Reading Gwyn's comment on the last post was like looking into my head which was weird! I'm not known for my patience but I, mistakenly, thought that I was hiding my desire to be back to normal! Obviously not.
It's been a strange couple of weeks with some real highs and some mind focusing lows. The low's have mostly been due to an inane ability I have to look at the negatives, sometimes I just get caught into a spiral of negative thought. Why I don't know, how I break that spiral is never clear to me until Wendy points it out, I have to break a cycle. Usually it's a physical thing with me, go for a walk or go in the cellar and hit stuff, it's a combination of busy head and a body that isn't ready to do all the things I want it to! The recent spiral was broken with a mixture of walking the dog, doing my physio rehab and also sorting some paperwork out. Now this last one is a new one for me but I found it very rewarding, even though it took me a full morning to fill in a form and write a letter!

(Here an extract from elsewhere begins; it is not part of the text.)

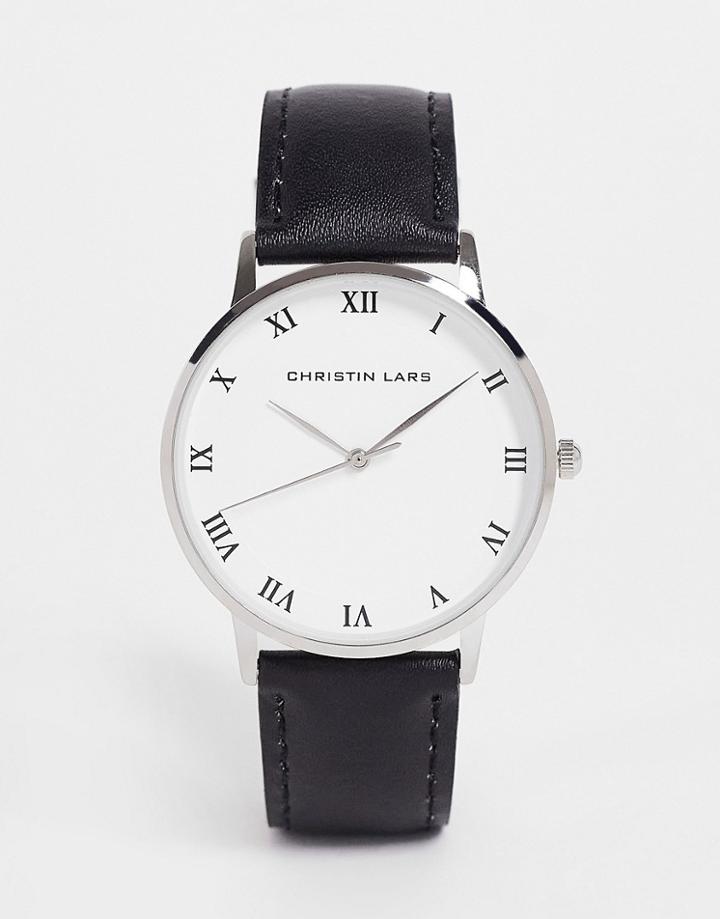 Christian Lars Mens Slimline Strap Watch In Black-silver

I called in to work last week and had a wonderful time for a couple of hours, then I crashed and just had to leave. It was as quick as that, one minute happy and chatty next minute I'm quiet and focussed on leaving. It was weird but it was also a good sign that my head isn't anywhere near ready for going back, that said it was fantastic to see staff and kids alike and the positive vibe that the majority of kids gave me was brilliant.
Physically I'm getting much better, it's unusual now that I sleep in the day, my hair is trying to come back (everywhere, which is surprisingly nice). I've been playing in the snow today of which we have a ridiculous amount (14inches) which has been fab. Playing, throwing snow balls, sledging, building a little igloo/snow tunnel and rugby tackling people all without getting out of breath or having to give up five minutes in is just incredible considering I've only been out of hospital for two months.
This is a fact I have to hold onto. I'm lucky like a lottery winner, talking to a guy at the physio sessions he was in isolation for six months, having infection after infection. He went from 16 stone to 10 and has lost so much muscle tone he has to walk with a stick to save him falling all the time. He doesn't seem to want sympathy but he just wants to be normal, I guess that's a common theme with people who've been through an experience like we have.
My normal is being a dad and a husband and a teacher who bikes and runs and does stuff. As it goes I feel like I'm getting there with the husband and dad bit, I so want to be teaching again it makes me ache but first I need to be fit, physically and mentally. So, Gwyneth, I'm going to take Nick size small steps...........way slower than I'd like but probably better in the long run.